= Work item =
Do not include the pictures; repeat the rest of the data exactly.

= Source material =
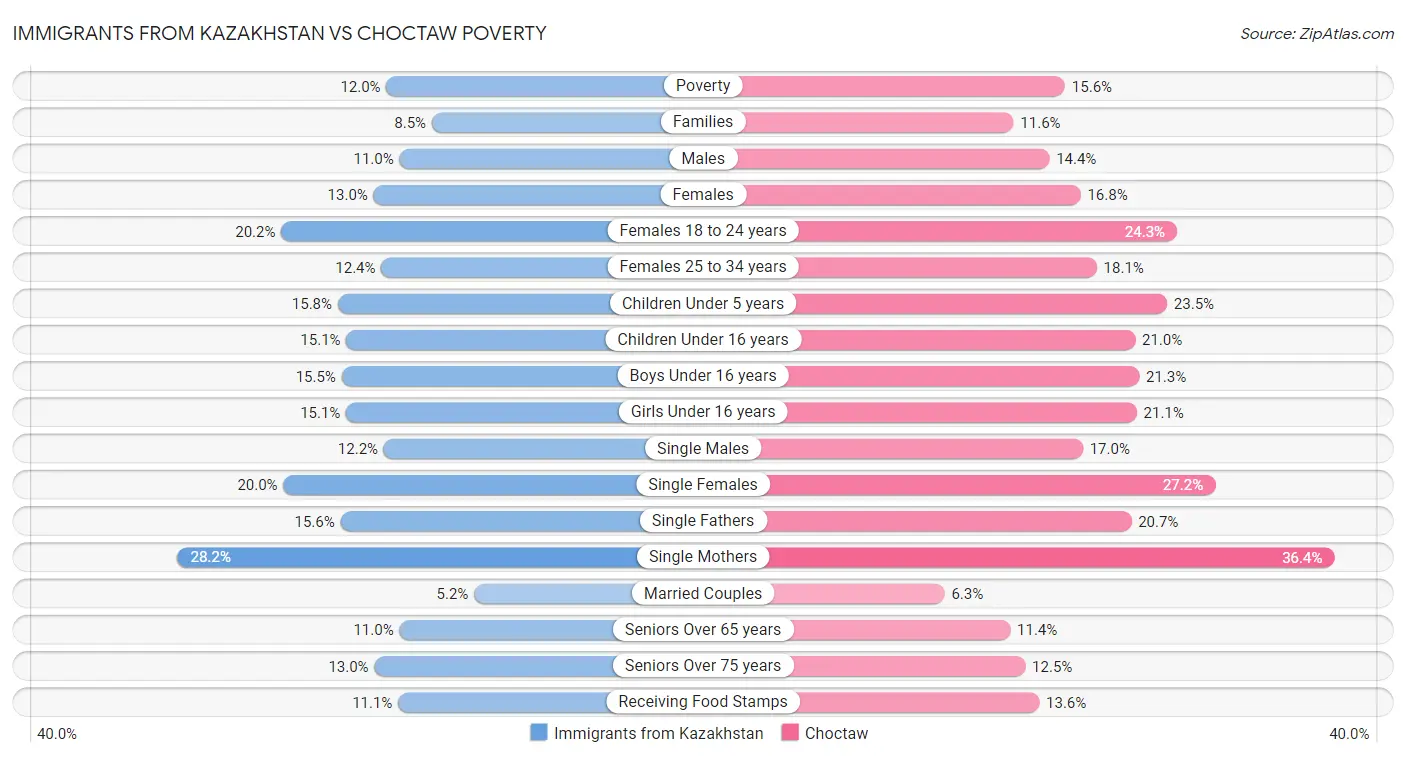 Immigrants from Kazakhstan vs Choctaw Poverty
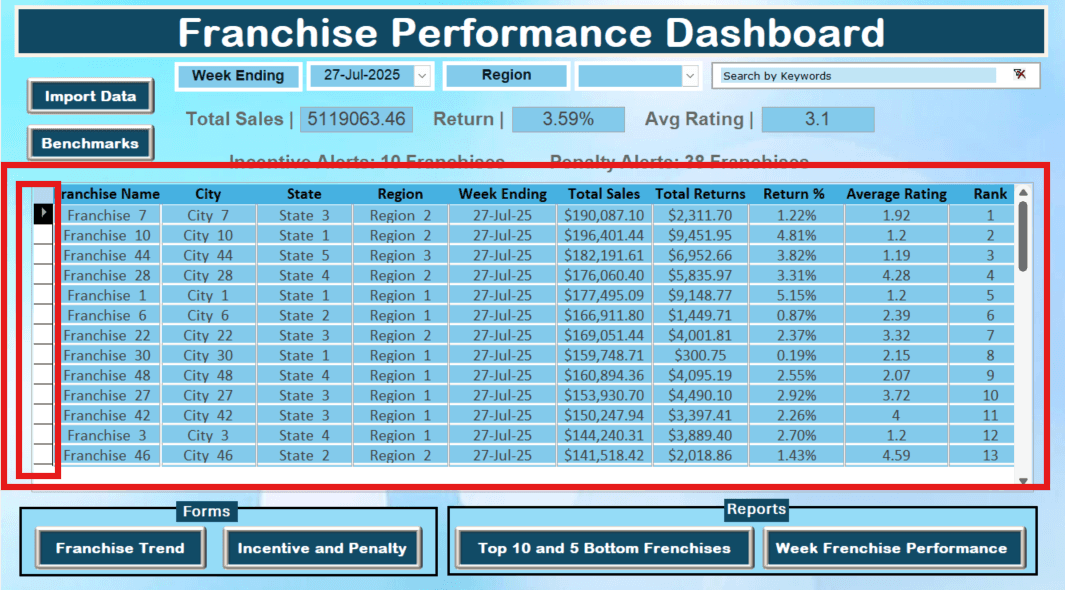 Franchise Performance Tracker Performance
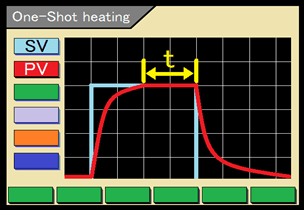 One-Shot heating function2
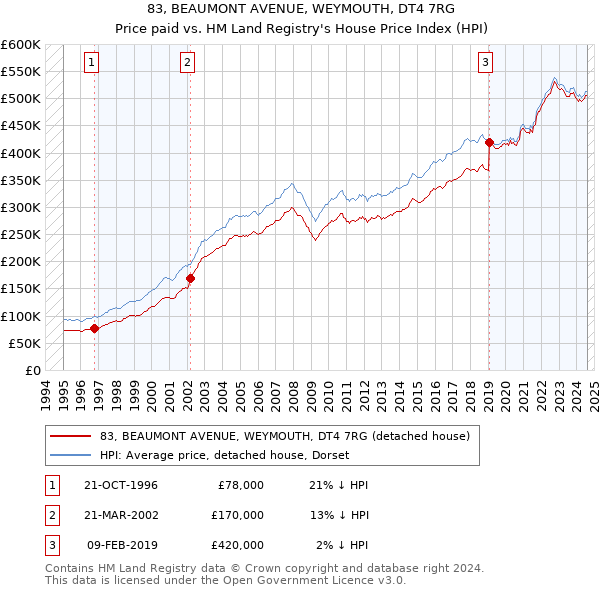 83, BEAUMONT AVENUE, WEYMOUTH, DT4 7RG: Price paid vs HM Land Registry's House Price Index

= Answer for this exercise =
 Immigrants from Kazakhstan vs Choctaw Poverty
 Franchise Performance Tracker Performance
 One-Shot heating function2
 83, BEAUMONT AVENUE, WEYMOUTH, DT4 7RG: Price paid vs HM Land Registry's House Price Index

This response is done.